Book #84: Her Fearful Symmetry

Title: Her Fearful Symmetry
Author: Audrey Niffeneger

Whoops! I forgot this one in my book count from last year. I guess I really read 84 books, which puts me only four back from 2008, when I got to 88 (but several of those were cookbooks, I just can't not be competitive, even with myself!).

I know there are lots of people out there who like fantasy and science fiction. I'm not one of them. I barely tolerated The Lion, the Witch, and the Wardrobe as a kid and I hated A Wrinkle in Time (what kinds of enemies have I earned myself?). For some reason, even though her characters travel through time and live as ghosts, Audrey Niffeneger's books feel enough like real life that I really like them. Does that even make any sense?

And I guess I also have to recant some of what I said here, because although I found the first three-quarters of Her Fearful Symmetry to be totally charming, it did get weird at the end. The book is the story of Valentina and Julia Poole, twenty-year-old identical twins who live in Chicago when they get the news that their aunt Elspeth (their mother's identical twin) has died, leaving her London flat and her fortune to them, under the condition that they come spend a year living in the flat. By the time they arrive, Elspeth comes to realize that she's not so dead after all, living as a ghost, but limited to the confines of the apartment. The girls become close to the other people living in the building (including Elspeth's lover) and learn secrets about their mother and aunt.

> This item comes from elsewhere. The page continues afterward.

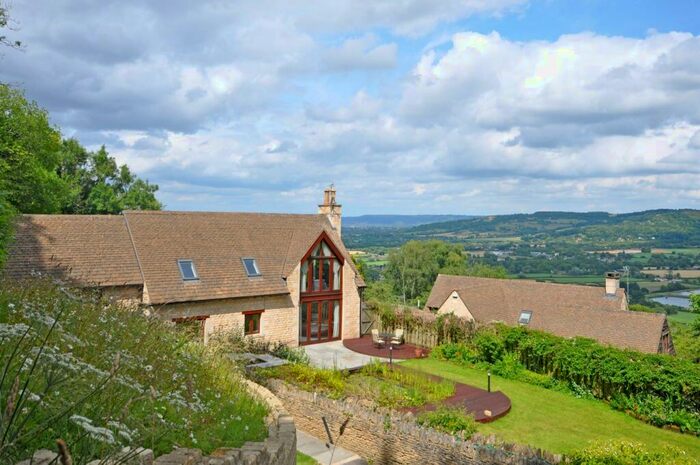 4 Bedroom Detached House For Sale In Coopers Hill, Coopers Hill, Gloucester, GL3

I heard Audrey Niffenegger interviewed somewhere (was it Fresh Air? Diane Rheem?) about writing the book, and how she became a guide at London's Highgate Cemetery (the cemetery figures prominently in the narrative). I find that I enjoy books a lot more if I've heard the author speak about the writing process (which I guess shouldn't be all that surprising). In this case, I wonder if I would have liked the book as much without the author interview or the good feelings I had about The Time Traveler's Wife-- if it had existed in a vacuum. It's a quick read and a page turner, but the end strayed a little bit far from what this realistic kind of girl felt entirely comfortable with.